Dataset excerpts:
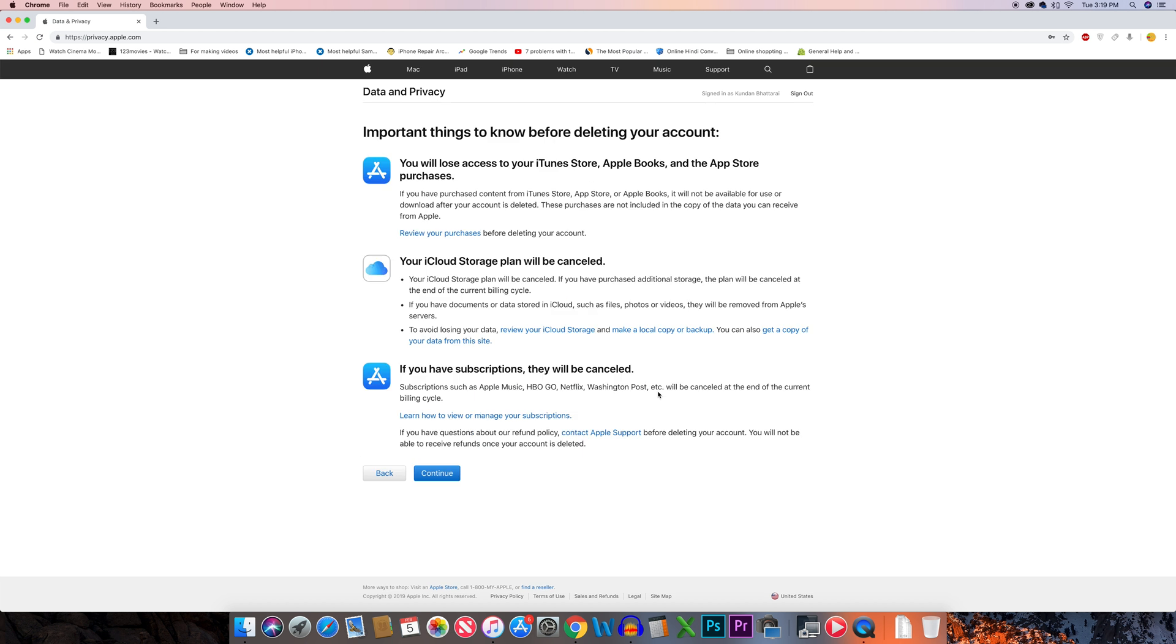Again, here you will see what things will happen when you delete your Apple ID. If you want to delete it, select continue.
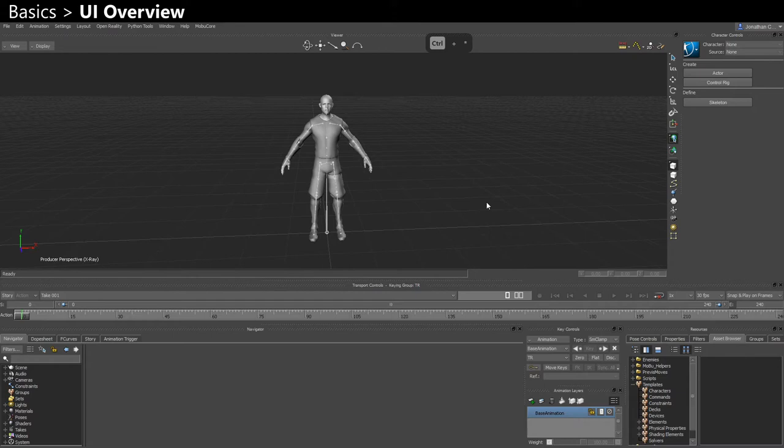Hi, in this video we're going to do an overview of the UI of MotionBuilder and we're going to talk about tips to customize the layouts.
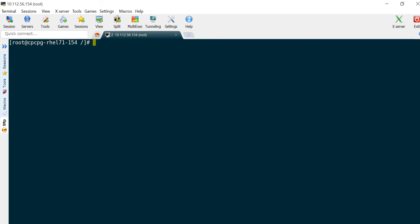Step 7. Now set up the SSH forwarding agent so that we can use the passwordless SSH connection within the container.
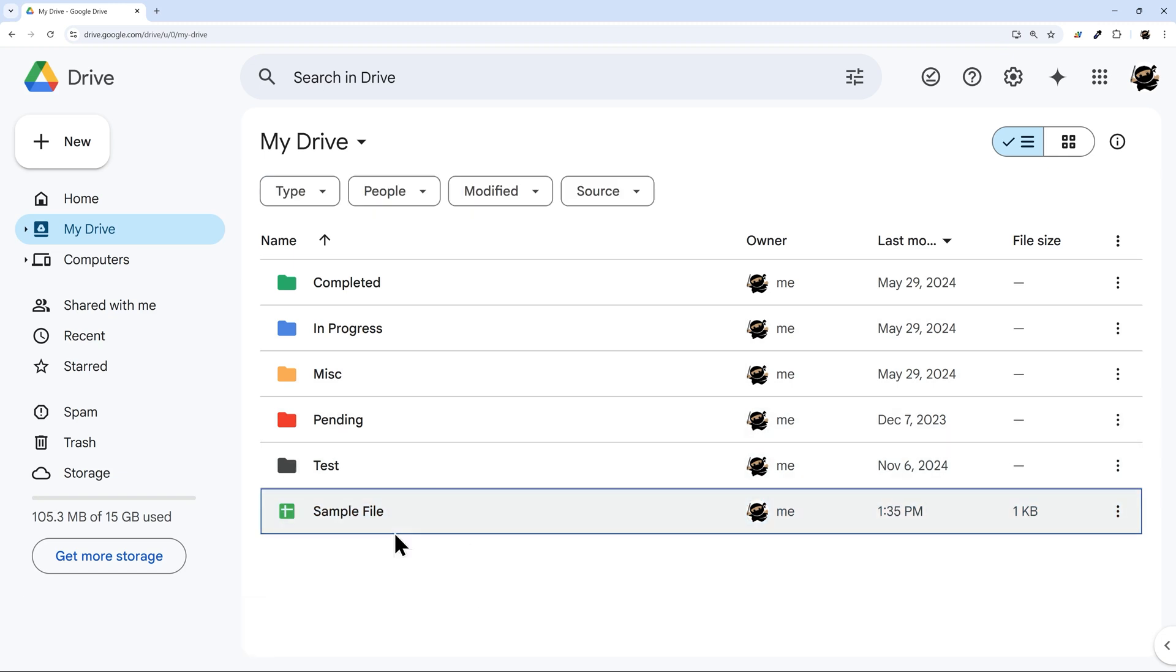And now that you've successfully recovered your file, you can continue on with your life. Now if you did not find the file in the recovery, I'm going to tell you most likely it's gone. What I've heard and experienced is that after that period, they just don't have that data any longer.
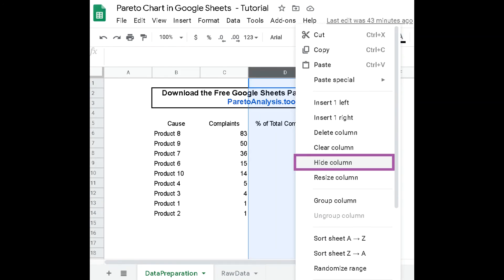Finally, we hide the third column of the dataset, labeled here as percentage of total complaints. Why? Simply because we don't need this data in the Pareto chart.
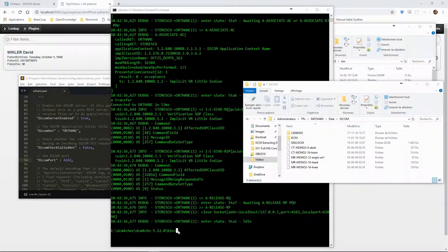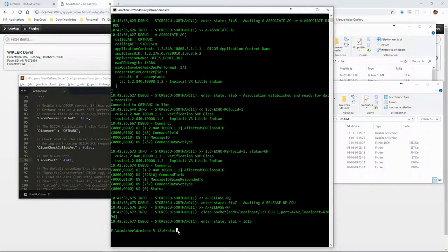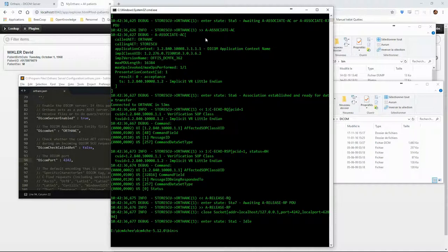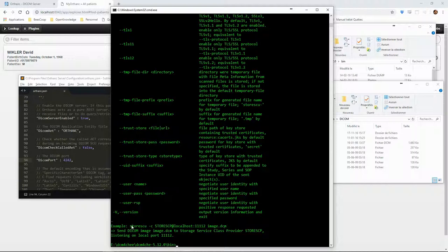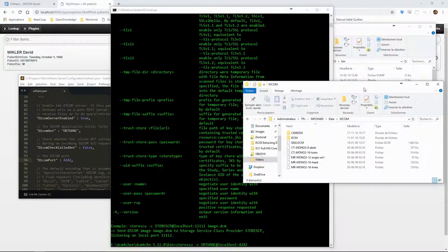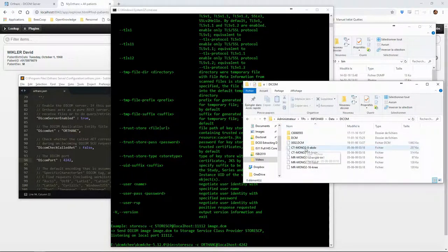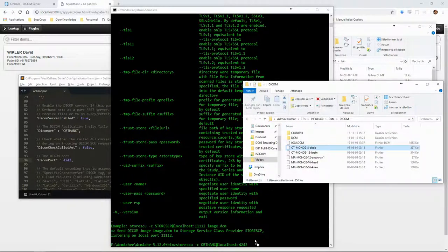We can again look at this with the command line. This time, we'll have to specify a path to a DICOM file in the store.cu command. Let's use one of our sample files.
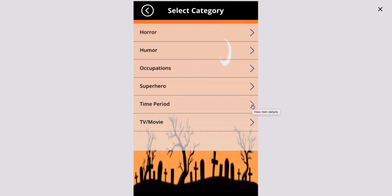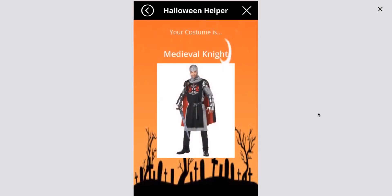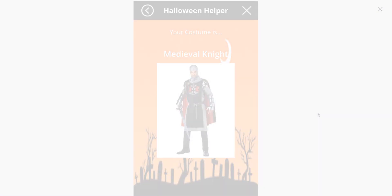I'm going to go ahead and go with time period and click that box. You can see that in this transition it says 'Flow is picking the costume' — it was so fast I could barely talk about it — and it chose for me the medieval knight! I'm actually excited to be a knight. Let's go see what that looks like.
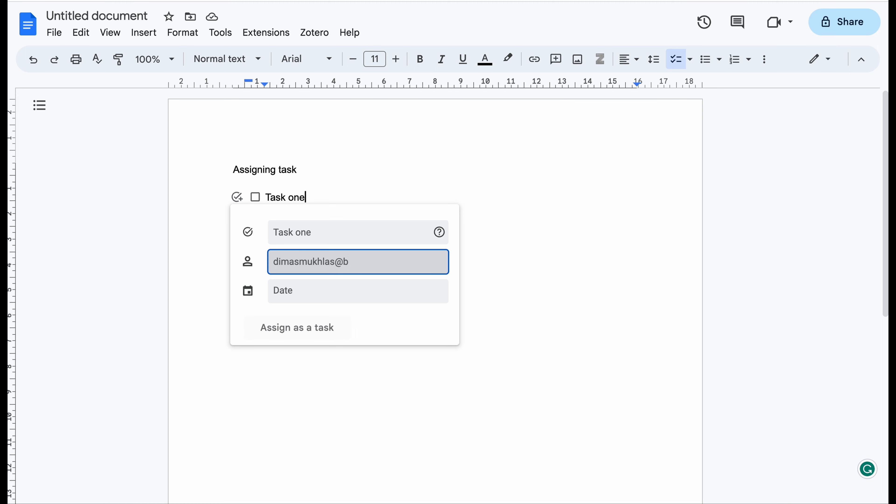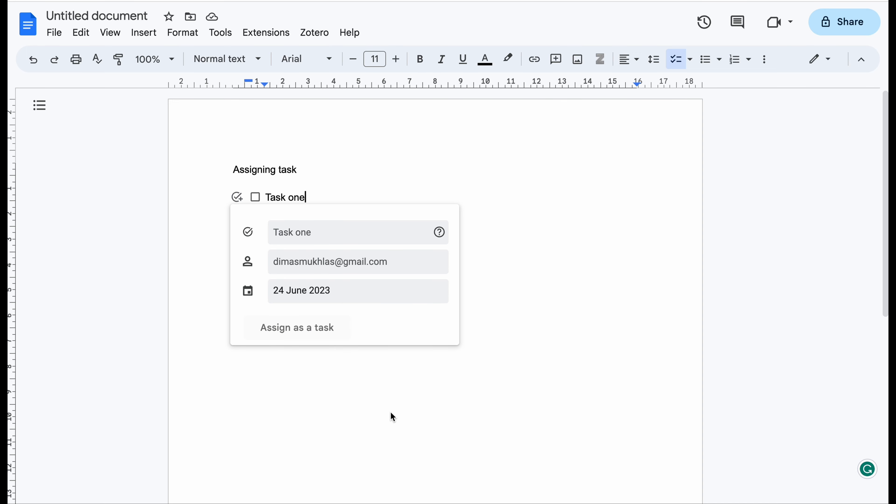This is my own email, for example, and then the deadline, for example the 24th. And you can click assign the task.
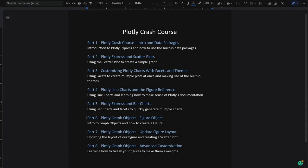We're at Part 6 of our course. If you missed the other parts, make sure to check the description for the links. We've been exploring Plotly Express and how to add some customization to it.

Your task: Only the text of the records is to be reproduced exactly; skip the pictures.

Answer to the problem:
Again, here you will see what things will happen when you delete your Apple ID. If you want to delete it, select continue.
Hi, in this video we're going to do an overview of the UI of MotionBuilder and we're going to talk about tips to customize the layouts.
Step 7. Now set up the SSH forwarding agent so that we can use the passwordless SSH connection within the container.
And now that you've successfully recovered your file, you can continue on with your life. Now if you did not find the file in the recovery, I'm going to tell you most likely it's gone. What I've heard and experienced is that after that period, they just don't have that data any longer.
Finally, we hide the third column of the dataset, labeled here as percentage of total complaints. Why? Simply because we don't need this data in the Pareto chart.
We can again look at this with the command line. This time, we'll have to specify a path to a DICOM file in the store.cu command. Let's use one of our sample files.
I'm going to go ahead and go with time period and click that box. You can see that in this transition it says 'Flow is picking the costume' — it was so fast I could barely talk about it — and it chose for me the medieval knight! I'm actually excited to be a knight. Let's go see what that looks like.
This is my own email, for example, and then the deadline, for example the 24th. And you can click assign the task.
We're at Part 6 of our course. If you missed the other parts, make sure to check the description for the links. We've been exploring Plotly Express and how to add some customization to it.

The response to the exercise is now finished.